Dresselhaus spin-orbit-coupling, on one hand, gives rise to staircase-like spin correlations due to its connection with transitions involving the conserved quantity $J_{D}$ . On the other hand, the inclusion of Rashba spin-orbit-coupling leads to the smoothing of correlations and a tendency towards uncorrelated spins, caused by the inclusion of virtual spin-radiation transitions and subsequent interactions with matter. The change in correlations is linked to the generation of Bell states with inhomogeneous spatial distributions. In this way, quantum dots in microwave cavities can potentially be used as an experimental platform for full solid-state Bell tests [42], where the detection of light states reflects the spin properties.

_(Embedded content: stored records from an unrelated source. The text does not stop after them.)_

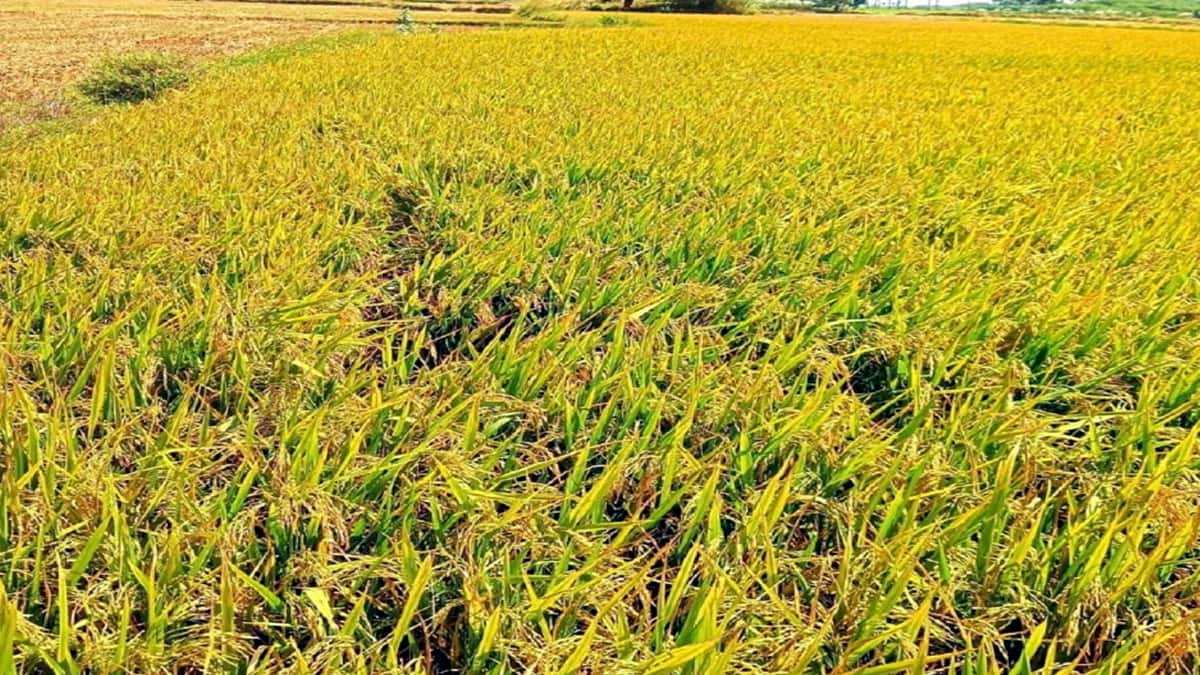 Theni : தீவிரமடைந்துள்ள நெல் அறுவடை பணிகள், அரசு நெல் கொள்முதல் நிலையம் திறக்கப்படுமா? விவசாயிகள் எதிர்ப்பார்ப்பு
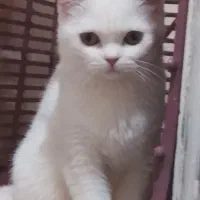 گربه سفید گمشده در محوطه رضوان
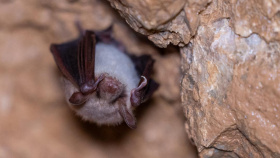 Kniha Naši netopýři přibližuje tajemné létající savce včetně aktuálních datKniha Naši netopýři přibližuje tajemné létající savce včetně aktuálních dat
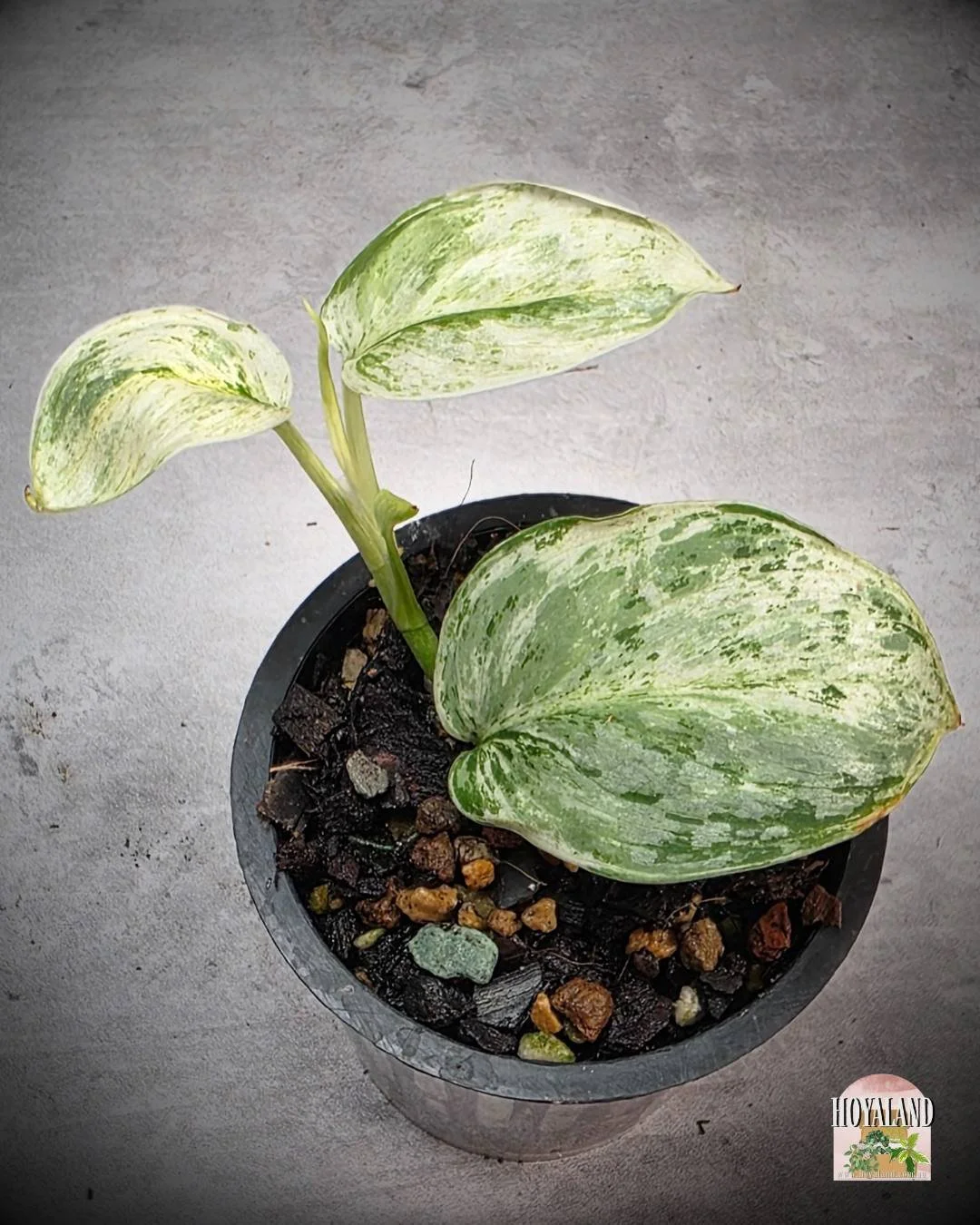 Scindapsus Tembaga (4).jpg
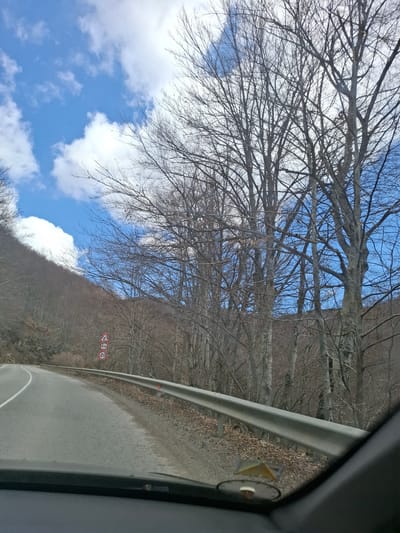 The image shows a road scene in Gintsi, Bulgaria, taken from inside a vehicle. The road curves to the right, guarded by a metal barrier. Road signs indicating a curve and a speed limit of 40 km/h are visible. A hillside covered in leafless trees rises alongside the road. Bare tree branches fill the upper portion of the frame, contrasting with a blue sky and white clouds. A portion of the car's interior, including the doorframe and a safety reflector, is visible in the foreground.
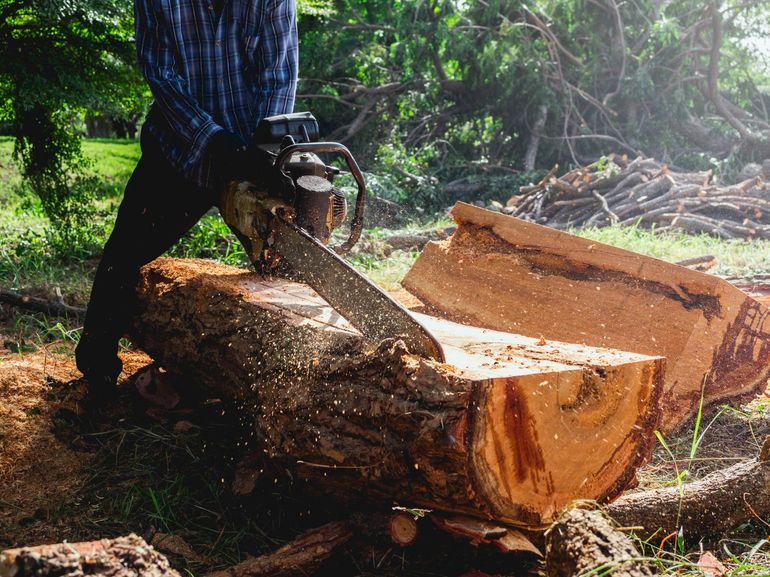 A man is cutting a large log with a chainsaw.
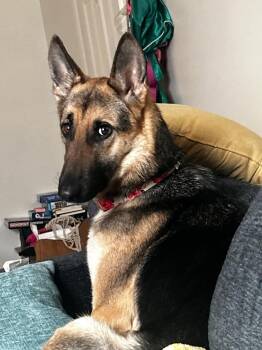 German Shepherd Dog Dogs Available for Adoption - Selene | PetCurious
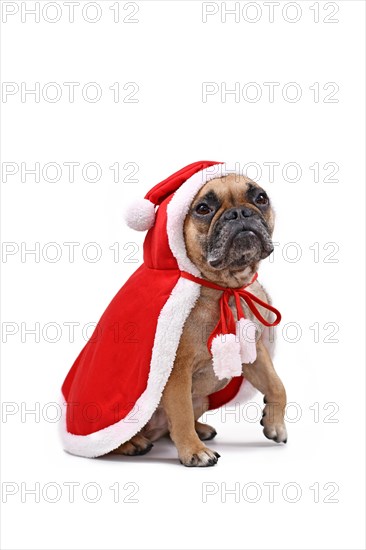 Fawn French Bulldog dog wearing a red Christmas Santa cape isolated on white background
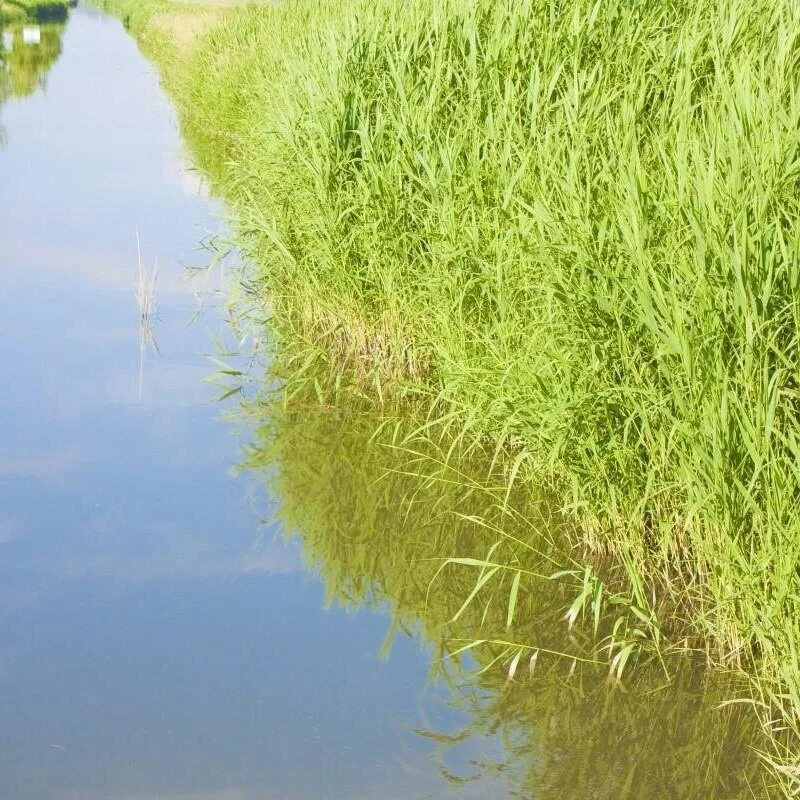 Biden Administration Begins Rewrite Of Water Rule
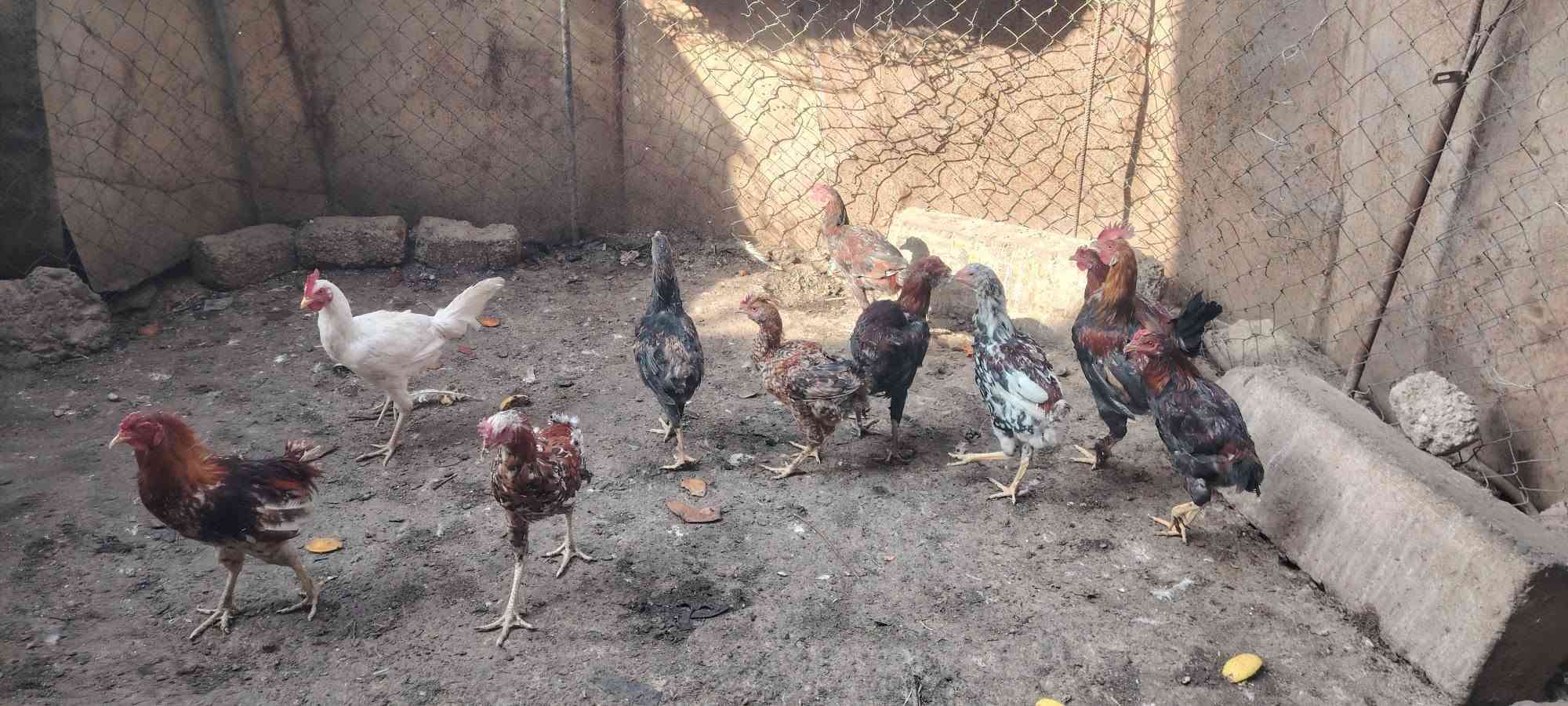 دجاج هراتي • ديوك عرب • الشرقاط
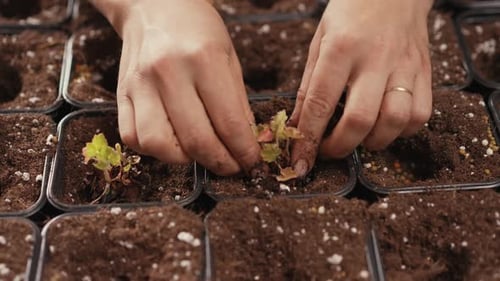 Woman Plants Seedling in Pot at Home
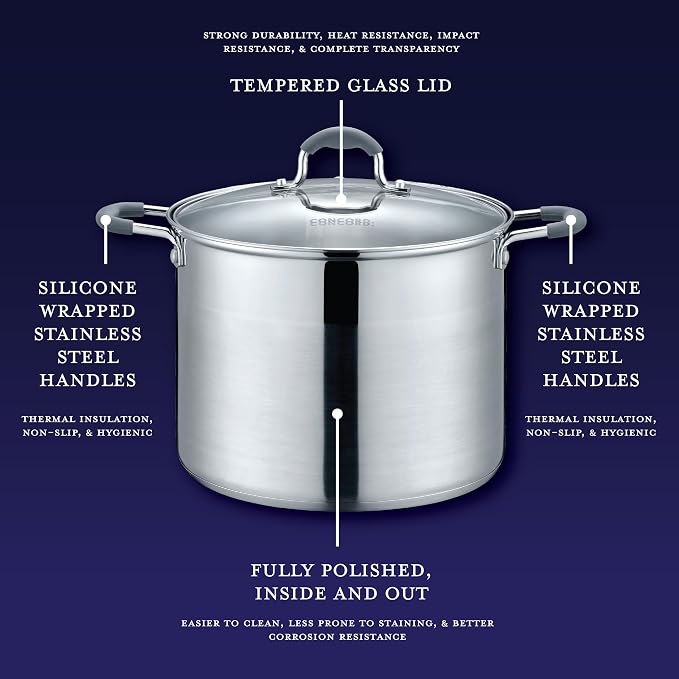 CONCORD Stainless Steel Stock Pot with Glass Lid (Induction Compatible) ((5 QT)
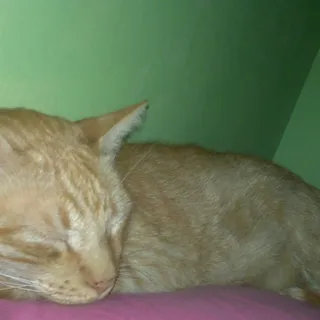 K B.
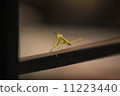 Mantis 11223440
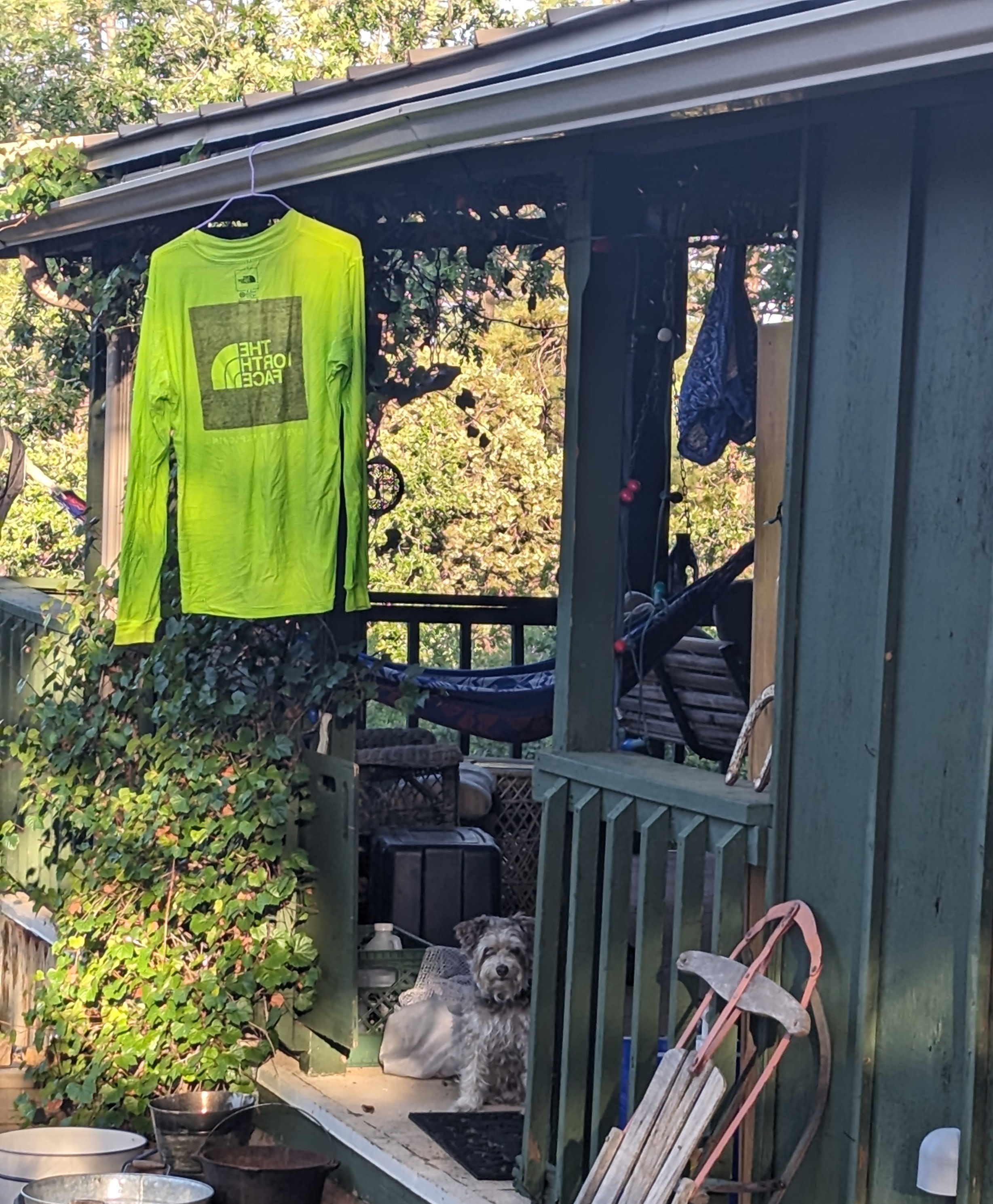 Dog likes North Face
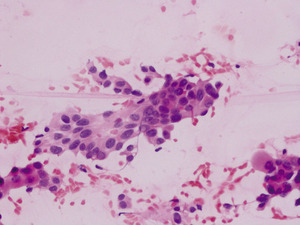 Small 3 .ptc 20x bac kat 6 opt
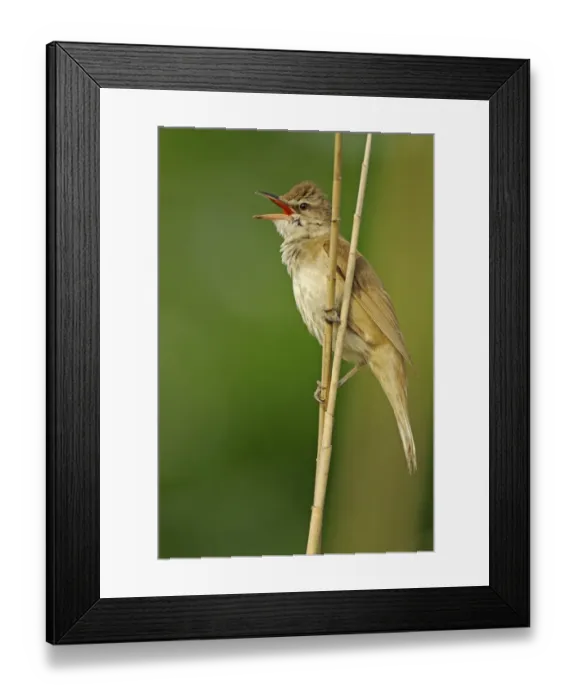 Framed Print : Great Reed-warbler (Acrocephalus arundinaceus) adult, singing, perched on reed stem, Bulgaria, may Framed Print : Great Reed-warbler (Acrocephalus arundinaceus) adult, singing, perched on reed stem, Bulgaria, may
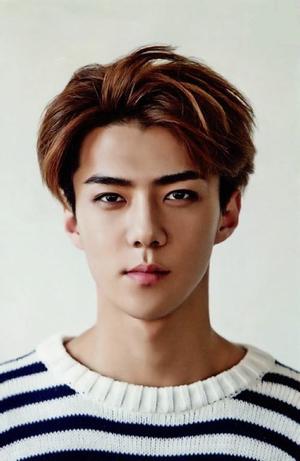 Oh Se Hun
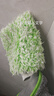 绿田（LUTIAN）汽车用品洗车水蜡雪崩上光洗车液清洁剂漆面玻璃清洁药剂 【全车擦洗】 483ml 1瓶 +洗车手套+收水巾 实拍图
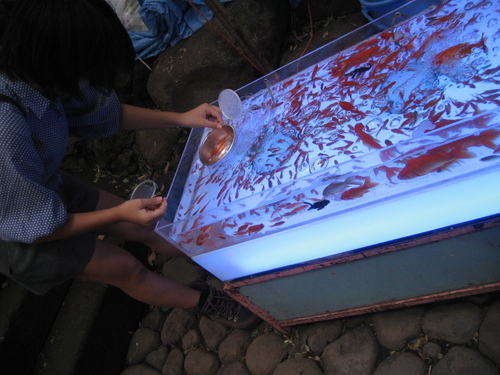 d0157596_1739562.jpg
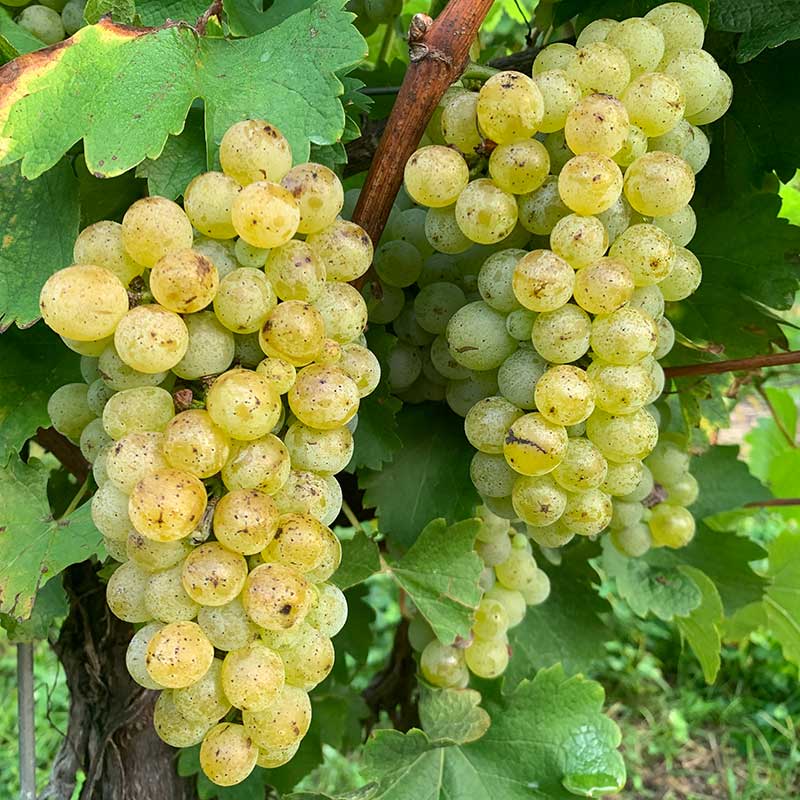 Sauvignon blanc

Additionally, the flexible control and measurement of spin states contribute to the development of protocols for quantum information processing with few-particle systems, the generation of entangled systems, and applications in spintronics [15].

Acknowledgments

S.S.B-R, F.J.R. and L.Q. are thankful for financial support from Facultad de Ciencias- UniAndes Projects No. INV2021-128-2292 and INV-2023-162-2833, and Universidad de los Andes High Performance Computing (HPC) facility. N.F.J. is supported by U.S. Air Force Office of Scientific Research awards FA9550-20-1-0382 and FA9550-20-1-0383.

Appendix A QED-SOC Hamiltonian: CM and relative coordinates

The introduction of CM and relative coordinates is motivated by the direct coupling of light in the cavity with the CM states and the analytical solution to the relative part in the presence of an external magnetic field and a potential $\alpha/r^{2}$ [13]. In addition, the bosonic version of our Hamiltonian requires the definition of operators that describe the interaction between $B\hat{z}$ and two electrons in the QD, without electron-electron interaction, as:


$\displaystyle a_{h}=$	$\displaystyle\frac{\beta_{cm}}{{2}}\left[(R_{x}+i\eta R_{y})+\frac{i}{\beta^{2}_{cm}}(p_{cm_{x}}+i\eta p_{cm_{y}})\right],$	(4a)
$\displaystyle\alpha_{h}=$	$\displaystyle\frac{\beta_{r}}{{2}}\left[(r_{x}+i\eta r_{y})+\frac{i}{\beta^{2}_{r}}(p_{r_{x}}+i\eta p_{r_{y}})\right],$	(4b)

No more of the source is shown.